# Possible job offer in Nicosia - wife terrified!



## handsy (Jun 26, 2008)

How can I put my wife's mind at rest about relocating our young family to Cyprus (Nicosia specifically)?
My master plan would allow us to come back if we didn't settle, and we're gonna rent our house out here too.....can any ladies on this forum, living in Nicosia right now, please get in touch by reply to this post and offer to chat to my wife?
I'm sure she would love to speak to someone who is experiencing the life right now, and all it's advantages (and disadvantages of course).
She's particularly concerned about schooling for our 2 young girls. I've been advised to put them in to private schools, but would also like anyone elses opinion on that too.

Any help appreciated.

My 1st post - please be gentle


----------



## MichelleAlison (Aug 25, 2007)

Hi and welcome to the forum.

We will certainly be gentle!!!!!!!!!!!!!!!!!

Regards

Michelle


----------



## handsy (Jun 26, 2008)

C'mon Nicosia ex-pat ladies.....there must be some out there ? 
Please help.


----------



## BabsM (May 24, 2008)

I am not in Nicosia but would be happy to talk to your wife and see if I can help in any way.
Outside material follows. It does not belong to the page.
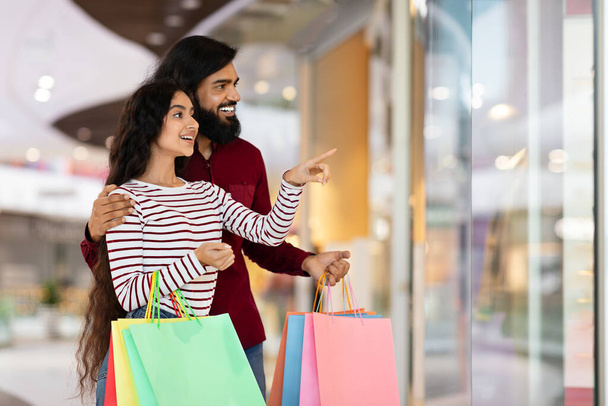 Romantický atraktivní tisíciletý indiánský pár ukazující na výlohu obchodu, procházky nákupním centrem, nošení barevných papírových tašek, užívání si prodejní sezóny, skvělé slevy, kopírovací prostor - Fotografie, Obrázek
Please send me a private message.
*;-)


----------



## handsy (Jun 26, 2008)

Hi BabsM, thanks for that but I can't seem to find where to PM people on this forum 
Perhaps you could email me at - mark at thehandsfamily dot com

Thanks


----------



## handsy (Jun 26, 2008)

An update (if anyone's interested  ). My recruitment agency in Nicosia just called to say that the MD at the company the job's at would like a chat!
Cool 
Will let you all know how it goes. BabsM - we may well be in touch with you soon.


----------



## BabsM (May 24, 2008)

Good Luck. Look forward to seeing you in Cyprus

BabsM


----------



## theresoon (Apr 11, 2008)

Hi,

I have just moved to Nicosia, so not sure if I can put your wifes fears to rest. I found a private preschool for my daughter in one day and a huge house to rent at a good price after seeing only two houses. I have not found a job yet but it doesnt seem like it's going to be a problem. Your wife can talk with me but I am not sure how to send you a private email. so if you would like to send me her email, I'll respond when we get back from the beach on Monday.

Dina

ps where are you moving from?


----------



## handsy (Jun 26, 2008)

Unfortunately it's turned out the salary was nowhere near I was quoted, and I've had to decline to proceed any further with the potential job opening in Nicosia.
I am disappointed, but it's good that I know what's happening. The quality of life we'd have had out there would not have been to my expectations based on the earnings I would've received.

Thanks to all who've offered their support, and good luck to those trying to get out there


----------